AVAILABLE DATA:
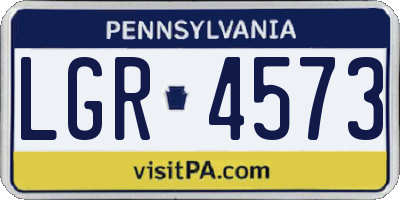 PA license plate LGR4573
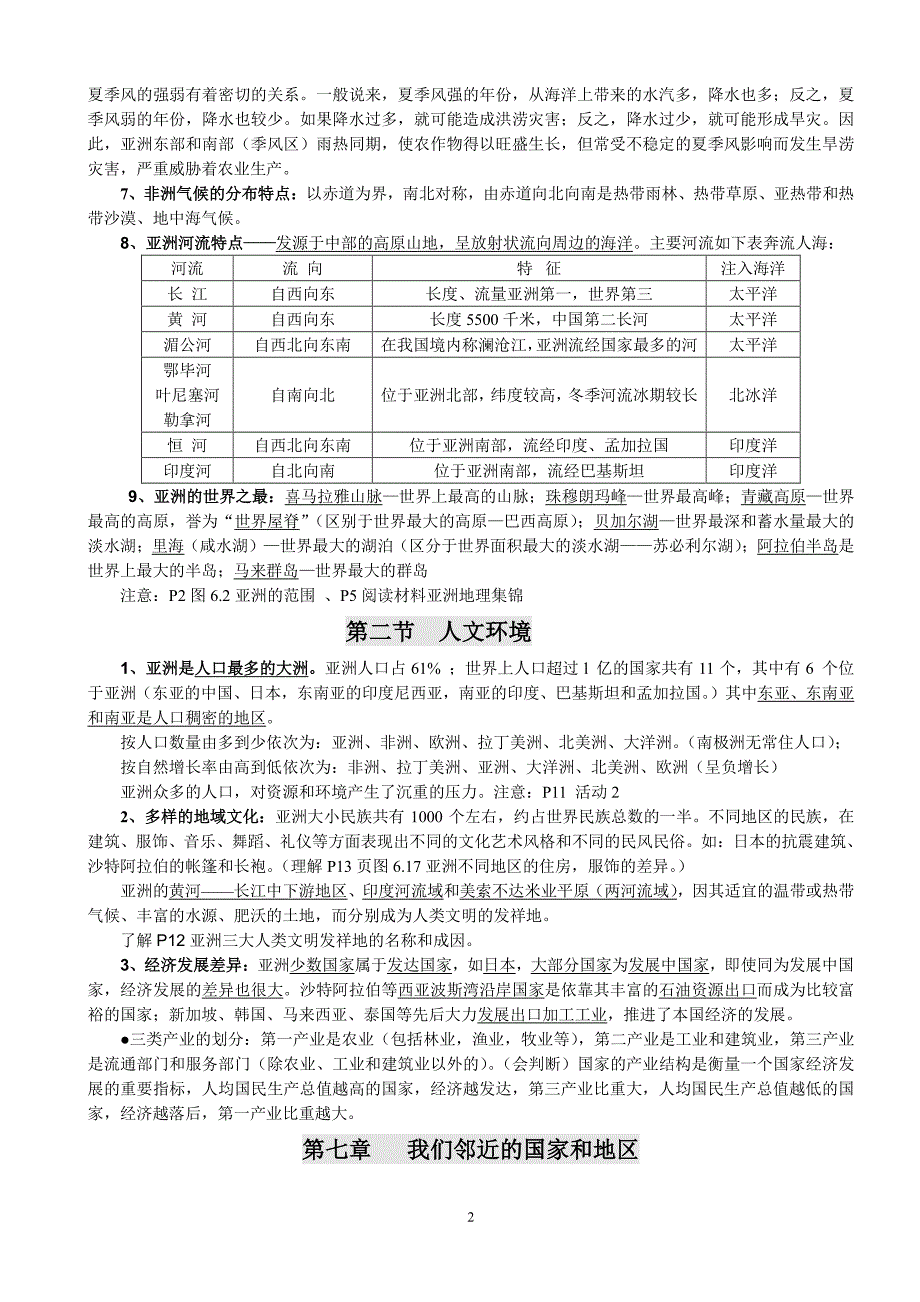 人教版七年级地理下册知识点归纳（2020年10月整理）.pdf_第2页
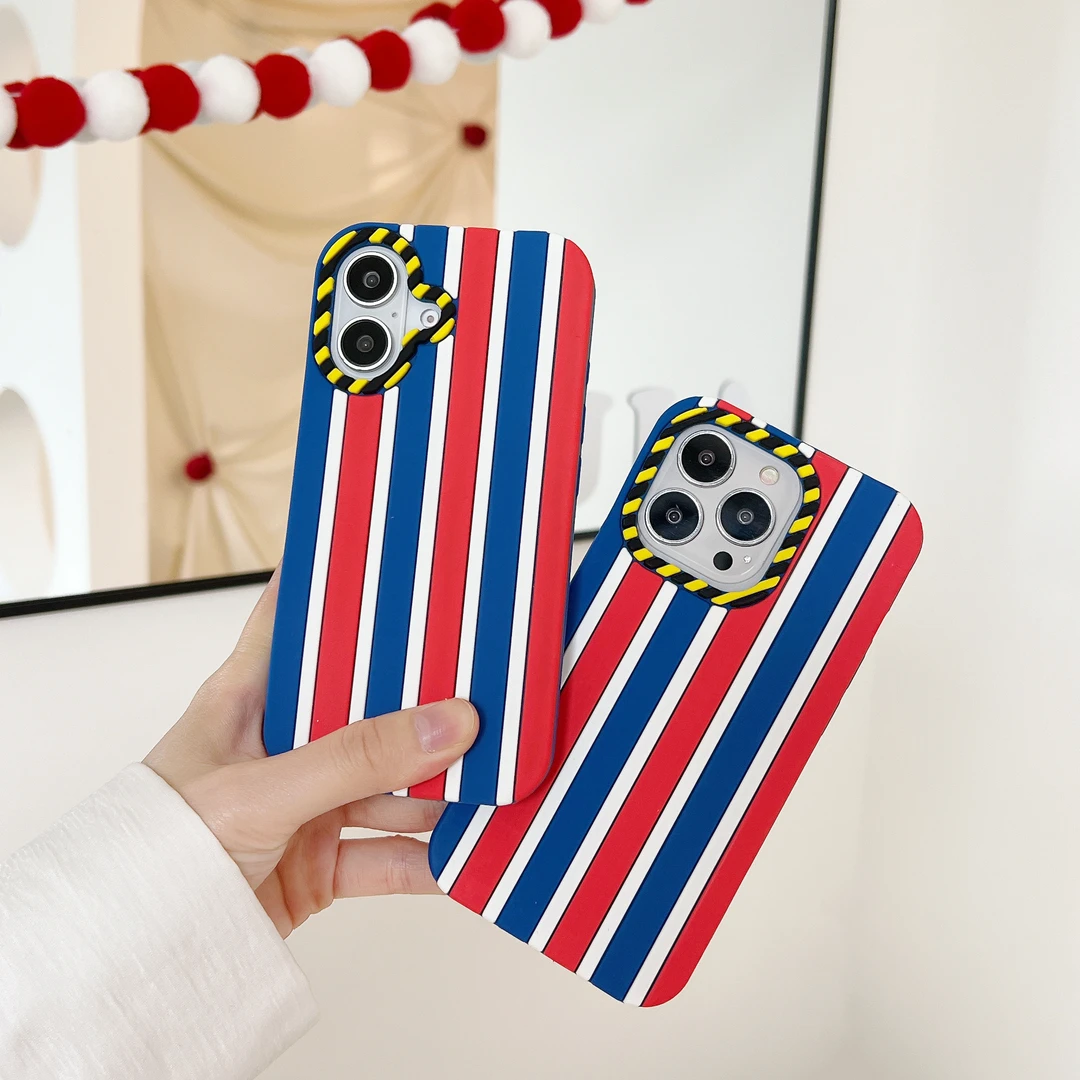 (苹果)三色雨布简约适用iPhone16女款ins韩风创意15软硅胶手机壳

REQUIRED WORK:
Since the pictures are not wanted, write out the rest of the data exactly as it reads.

FINAL ANSWER:
 PA license plate LGR4573
 人教版七年级地理下册知识点归纳（2020年10月整理）.pdf_第2页
 (苹果)三色雨布简约适用iPhone16女款ins韩风创意15软硅胶手机壳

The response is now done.